Description of the Environment
The Communist Party has ruled China for several years. It has absolute power over the country’s cultural and economic institutions (Jayaraman 55). In China, the government has enacted several laws aimed at regulating business entities. Therefore, Coca Cola has faced several challenges in its attempt to comply with different regulations in the Chinese business environment. In the recent past, the Chinese government has urged businesses to adopt the e-commerce model in their operations. However, the drafting of legislation aimed at ensuring that companies adopt the e-commerce model is still at its infancy. Moreover, the issue of political freedom is a concern despite China’s stable political stability.
In the host country, economic factors may also affect Coca Cola’s operations. China has recorded an immense growth in its GDP in the past decades. There is a possibility that the Chinese economy will surpass that of the U.S. in the coming decades. The increase in the Chinese GDP rate will further result in the rise of consumers’ purchasing power. The Coca Cola Company can leverage the rising consumers’ purchasing power to manufacture products that suit their clients’ needs. Compared to other western nations, China has a relatively lower labor cost. However, China’s high property prices and inflation rates might have detrimental impacts on Coca Cola’s operations. Apart from economic factors, legal factors can also have significant impacts on Coca Cola’s operations in the Chinese business environment. With the entry of China into the WTO, there has been the flexibility of some of the country’s business laws. Different Chinese laws regulate employment practices and business activities. For instance, the PRC Labor Law that China enacted in 1995 regulates labor disputes and standards. Moreover, the country has laws that regulate foreign businesses such as Coca Cola.
Sociocultural factors have also had significant impacts on Coca Cola’s operations in China. China is one of the leading countries that has the highest population in the world. The fluctuation of age distribution and population growth is likely to alter the country’s cultural values and social trends. China has a different culture from that of the European nations (Jayaraman 57). Notably, in Chinese culture, leadership is regarded differently from the way it is viewed in the western nations. Therefore, it will be imperative for the expatriates working in China to adapt to the Chinese culture for them to be effective in their international assignments. While operating in China, the government requires both local and foreign firms to comply with different environmental laws. Several businesses in China have adopted the use of new and efficient production techniques. For Coca Cola to maintain its market share in the Chinese beverage industry, it has to adopt new production techniques.

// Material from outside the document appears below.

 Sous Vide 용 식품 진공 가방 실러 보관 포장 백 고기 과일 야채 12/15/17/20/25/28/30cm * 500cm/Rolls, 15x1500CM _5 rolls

Background and Critical Analysis of Coca Cola’s Internationalization Strategy
High transaction cost is the primary challenge that several multinational corporations face in an attempt to expand their operations to other countries. Therefore, MNCs such as Coca Cola should develop effective strategies that can enable them to acquire a market share in foreign markets. With the ultimate purpose of increasing its global market share, Coca Cola decided to venture into different international markets. The Coca Cola Company developed strong relationships with state-owned corporations in China. It formed joint ventures with different enterprises in China. Whereas Coca Cola previously had to import certain raw materials for its production process, it decided to outsource some of its inputs from the local Chinese companies. The use of these inputs was aimed at ensuring that Coca Cola localized its operations in China. Coca Cola had the opportunity to reduce some of its products’ prices by manufacturing its products in China. It established several bottling plants in China and formed partnerships with different local companies. Consequently, Coca Cola was able to develop an efficient and low-cost distribution network for its products.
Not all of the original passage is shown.